Donald Trump is the last hope. At least for the coal miners in the United States. At least according to Bob Murray, the majority shareholder of Murray Energy, a large American coal mining corporation that primarily operates its mines in the states of West Virginia and Ohio. Recently he held a fundraising event for the presumptive Republican presidential candidate to help the increasingly cash-strapped real estate billionaire with his campaign financing. The only hope for the sector and the miners is to support “friends of coal.” Precisely as Trump is doing.

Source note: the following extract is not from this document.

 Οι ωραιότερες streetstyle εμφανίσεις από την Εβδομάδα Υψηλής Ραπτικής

It is a straw that Murray is clutching at. And it will give him only a little security. The corporation boss who recently announced the termination of up to 80 percent of the 5,400 miners employed by him fosters a clear image of the enemy as “the ongoing deliberate destruction of the United States coal industry by Barack Obama and his supporters.”* Yet the decline of the U.S. coal sector is only in small part due to the Obama administration’s policy on the environment and climate and the actions of anti-coal activists, against whom Murray so vehemently rails. The main cause, according to experts, is primarily competition from the generation of electricity through the cheap natural gas obtained by fracking. It has led to more than a third of all U.S. coal-fired power stations being taken offline or deactivated since 2010.

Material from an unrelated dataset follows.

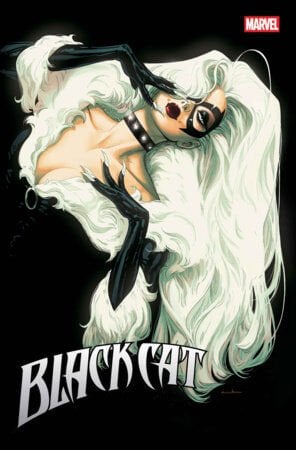 BLACK CAT #9 KRIS ANKA BLACK CAT VARIANT - PRE-ORDER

In his speech on energy and (anti)-climate policy at the end of May, Trump boasted, “We’re going to bring back the coal industry, save the coal industry.” He wants to bring closed mines into operation again and create new jobs. So far, so pithy. Because almost all large U.S. coal conveyors have filed for insolvency or bankruptcy protection. Yet Trump did not say how he would influence the electricity market, especially as he wants to promote the coal-killing fracking industry more strongly. Everything is not so neatly accomplished. But that doesn’t bother Murray. The coal boss is putting pressure on Washington. His might roll out his announced wave of terminations in September just a few weeks before the presidential election so that ex-miners will then also know how to vote.
That will hardly make the election even if Ohio is a swing state, the kind that sometimes votes Republican and sometimes Democratic. Obama and Clinton’s Democrats have a difficult position when it comes to coal miners. But the Murray story shows what chaos would threaten the U.S. with Trump regarding energy policy, too. Not the last hope, but instead, last rites.
*Editor’s note: I could only partially source this quote.